Once the line with "Wandbild gerahmt FRAU" is reached, output it and every line after it, exactly, through the end of the records below. Pictures are skipped.

RECORDS FOR THIS EXERCISE
━━━━━━━━━━

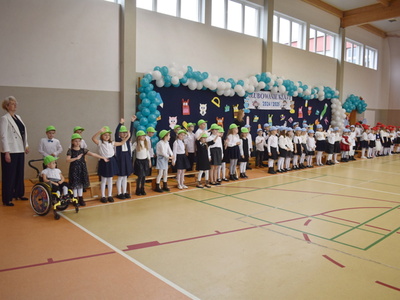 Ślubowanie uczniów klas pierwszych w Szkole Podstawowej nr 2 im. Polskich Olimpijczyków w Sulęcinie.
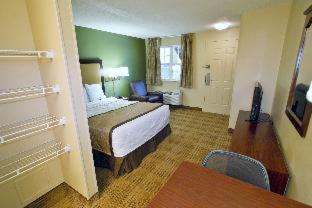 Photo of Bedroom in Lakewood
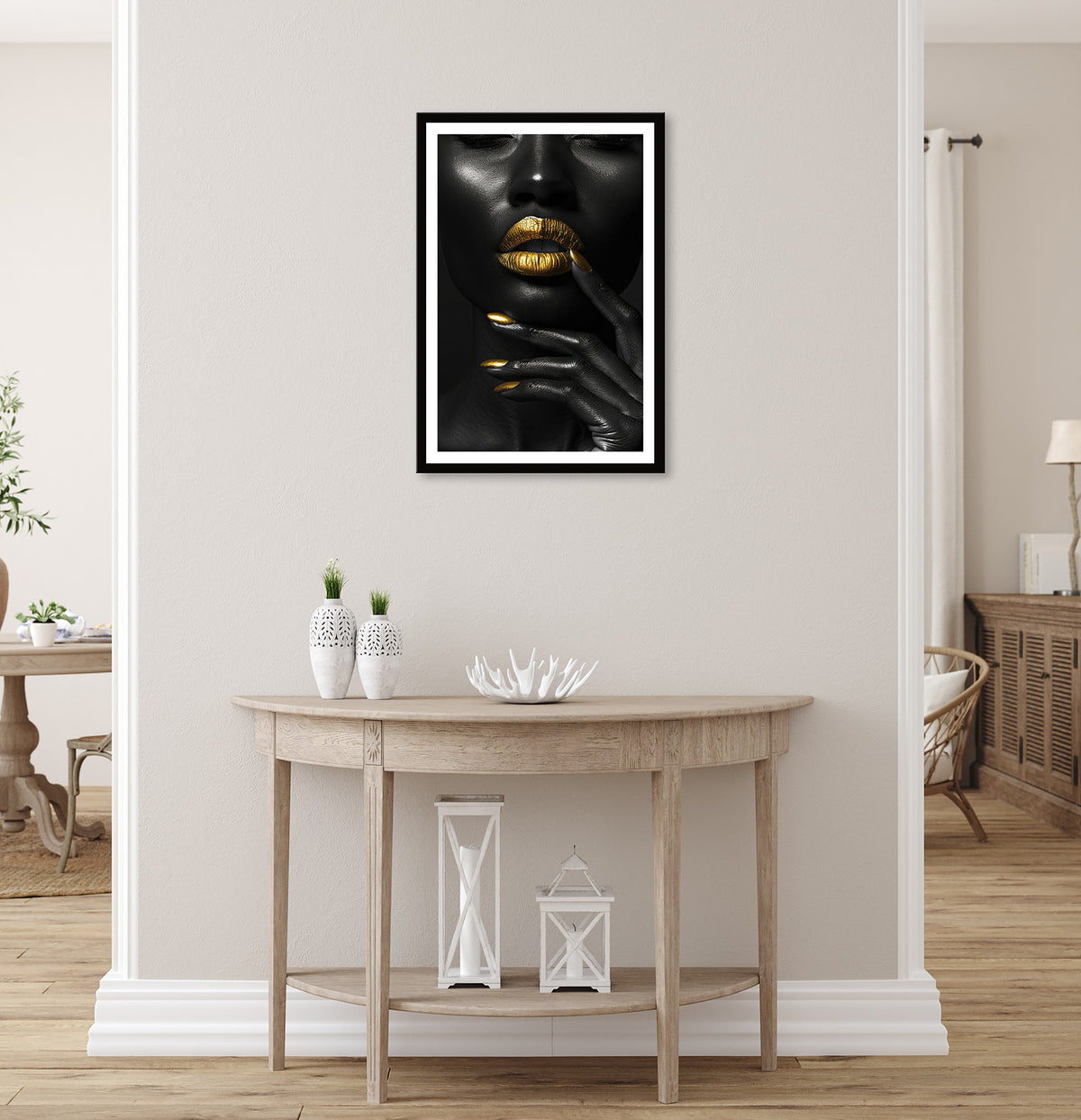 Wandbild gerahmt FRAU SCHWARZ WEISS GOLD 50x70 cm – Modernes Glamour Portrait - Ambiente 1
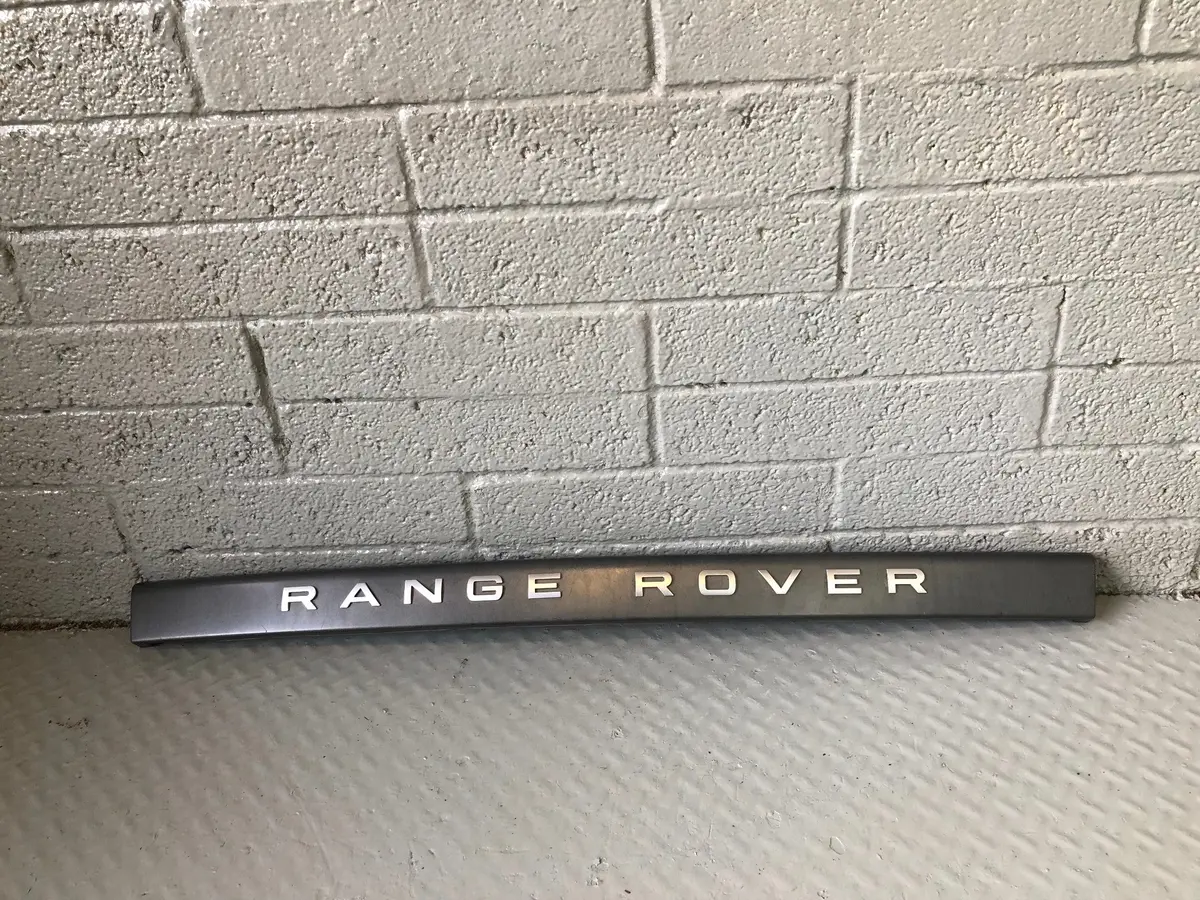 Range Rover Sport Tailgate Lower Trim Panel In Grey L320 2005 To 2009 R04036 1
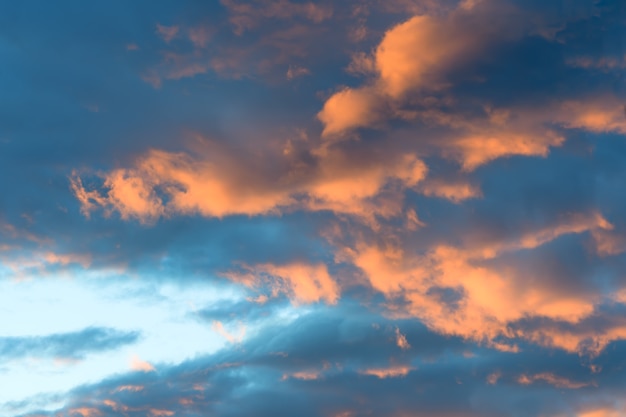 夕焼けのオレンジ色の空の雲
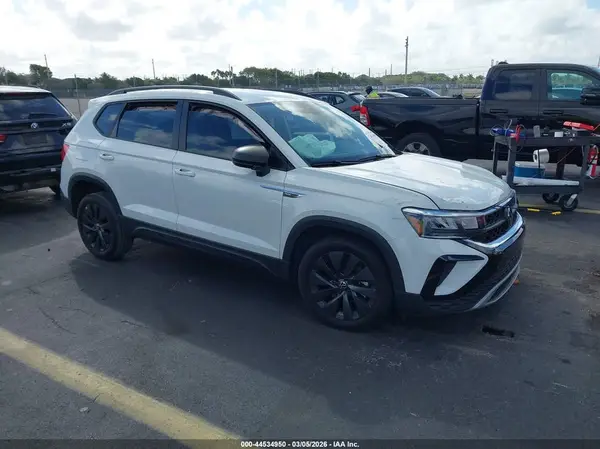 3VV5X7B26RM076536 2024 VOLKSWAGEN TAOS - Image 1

━━━━━━━━━━

RESPONSE TO THE EXERCISE
 Wandbild gerahmt FRAU SCHWARZ WEISS GOLD 50x70 cm – Modernes Glamour Portrait - Ambiente 1
 Range Rover Sport Tailgate Lower Trim Panel In Grey L320 2005 To 2009 R04036 1
 夕焼けのオレンジ色の空の雲
 3VV5X7B26RM076536 2024 VOLKSWAGEN TAOS - Image 1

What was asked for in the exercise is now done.